Queste indagini rientrano in un procedimento avviato a seguito di una segnalazione di Tracfin. Si concentrano in particolare su presunti rapporti di interesse con soggetti stranieri, nonché su pagamenti di commissioni menzionati per il periodo 2010-2011, che Rachida Dati nega con fermezza.
Un'indagine giudiziaria multiforme
L'inchiesta giudiziaria, avviata in ottobre, ha portato alla nomina di due giudici istruttori e a diverse operazioni, tra cui perquisizioni già effettuate alla fine del 2025 presso l'abitazione del funzionario eletto e presso il municipio del VII arrondissement di Parigi.

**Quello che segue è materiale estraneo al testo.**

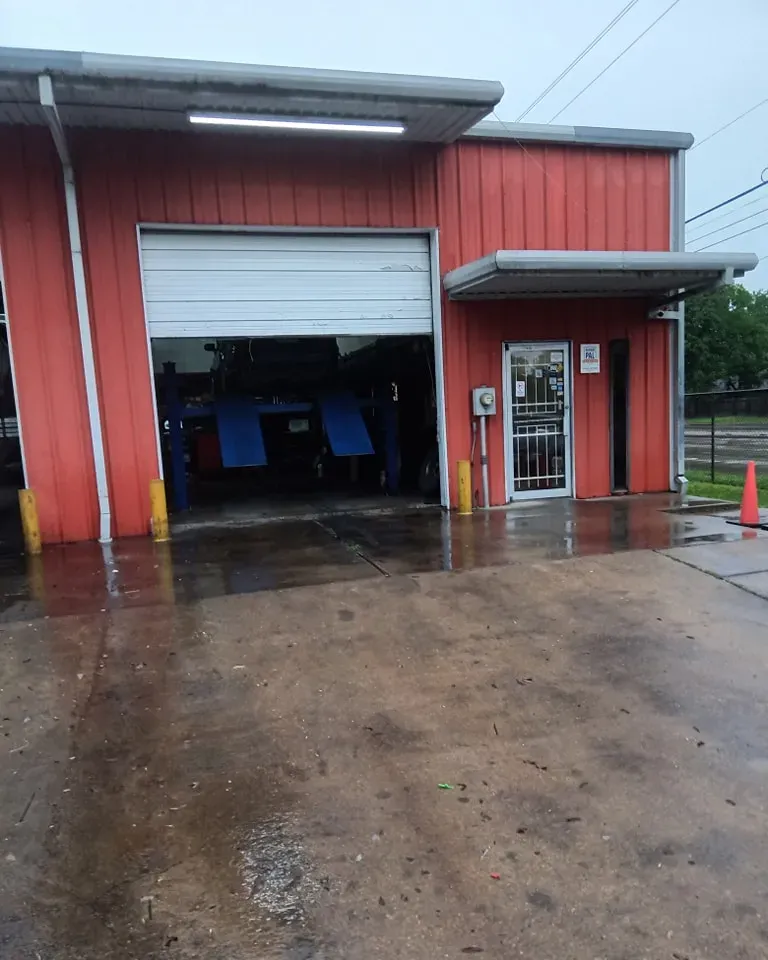 Red auto repair shop with open garage door. Wet pavement, door to office. | We Fix Cars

Gli inquirenti stanno ora analizzando i dati raccolti per accertare eventuali reati.
Nel frattempo, Rachida Dati è coinvolta in un caso separato relativo ad accuse di lobbying illegale per conto di Renault e del suo ex amministratore delegato Carlos Ghosn. Dovrà comparire in tribunale a settembre per corruzione passiva e traffico di influenze, accuse che nega.